The Yanamayo action set off a chain of prison rebellions in Peru in the following weeks, mainly by common prisoners (revolutionary prisoners there are always kept in separate buildings or sections). The country's whole enormous and horrific prison system was in ferment. One of the most notable of these was among common prisoners in the Chorrillos prison for women in Lima. In May 2000, women prisoners in the northern city of Huaraz rose up. Reportedly, this heroic protest against intolerable conditions involved prisoners in the special pavilion for "subversives", as well as the rest of the women.
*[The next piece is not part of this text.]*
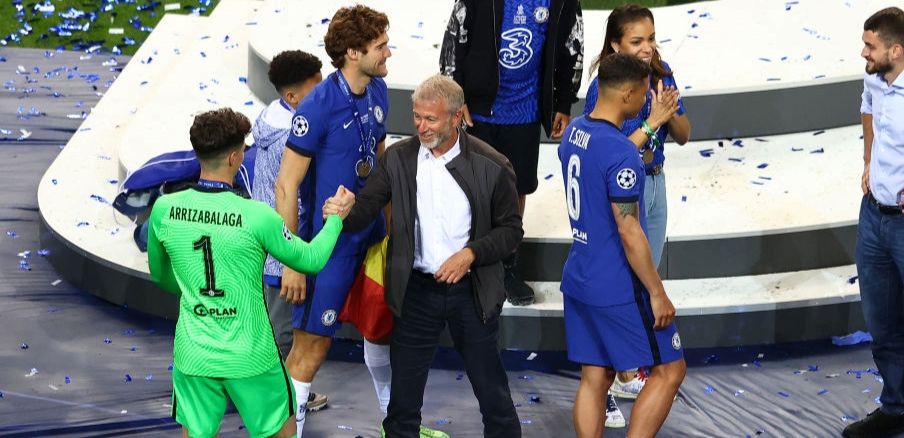 Abramovich no puede vender al Chelsea y congelaron todos sus activos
Of course, the Fujimori regime's ultimate weapon is, and always has been, US support. In August 1999, US "drug czar" General McCaffrey visited Peru to hold official and off-the-record talks with Fujimori and Montesinos. This was highly ironic since Montesinos' last job was as a lawyer for Peru's drug cartel bosses and the Fujimori regime has been repeatedly exposed for its involvement in the narcotics trade. McCaffrey's office issued an explicit denial of reports in the opposition press that he had highly praised both men. Recently, an investigative reporter revealed that, while serving as a US Army general during the Gulf War, McCaffrey ordered his troops to pour massive amounts of artillery and gunfire upon retreating Iraqi soldiers … after the US had declared a cease fire and fighting had halted. This apparently made him well qualified to head up the US "war on drugs", which is no less bloodthirsty. During "Operation Annihilation" in October, the US Ambassador inaugurated a new police base in Palmapampa, in the jungle region of Ayacucho near the Apurimac river, which has been particularly bitterly contested by both sides since the early days of the People's War. The police base was paid for by the US out of its "anti-drug" budget.
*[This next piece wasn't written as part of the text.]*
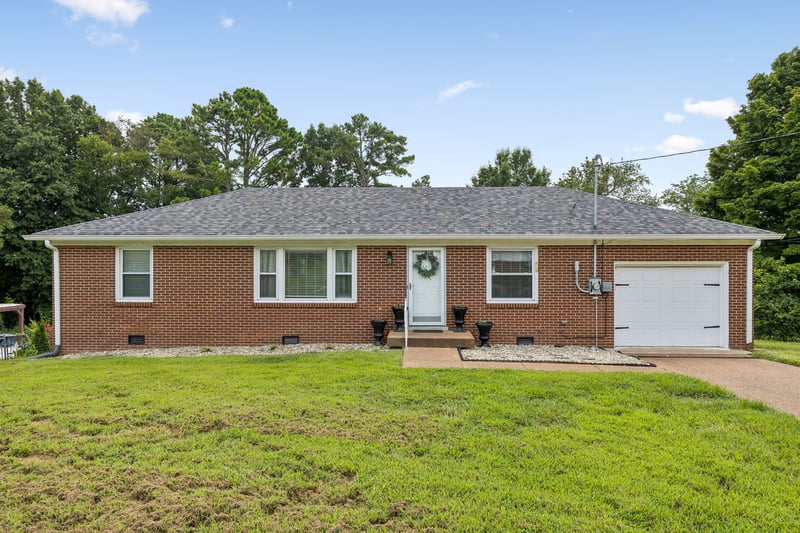 103 Oak Dr, Columbia, TN 38401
The first round of the presidential elections in April 2000 took place amid intense scandals (a million names on the registration petition for Fujimori's party turned out to belong to dead people). Strikes and violent demonstrations against Fujimori broke out throughout the country. During the vote counting, districts under military control were reporting close to unanimous returns for the president, who had fired the country's supreme court for ruling him ineligible for a third term. Just as Fujimori was about to announce a dubious victory, a US government spokesman publicly warned him to allow a second round of voting. Clearly, the US does not want their lackey regime and the imperialist-dominated system in Peru to stand naked. But the Clinton administration has proposed an unprecedented amount of military aid for the governments of Peru and Colombia, exactly because the US has no intention of failing to protect its interests and American guns have long been decisive in that.

This 17 May marked the twentieth anniversary of the beginning of the People's War in Peru - 20 years that our red flag has been flying there, in the hands of country's downtrodden, held aloft by the People's Liberation Army under the leadership of the PCP, itself forged in the revolutionary line developed under the leadership of Chairman Gonzalo. With proletarian revolutionary optimism, sacrifice and hard struggle, the PCP has confronted what Chairman Gonzalo, in his "cage speech", referred to as only a "bend in the road" - a judgement that more than ever haunts the reactionaries who stand in the way of the masses as they continue their unstoppable march on that road.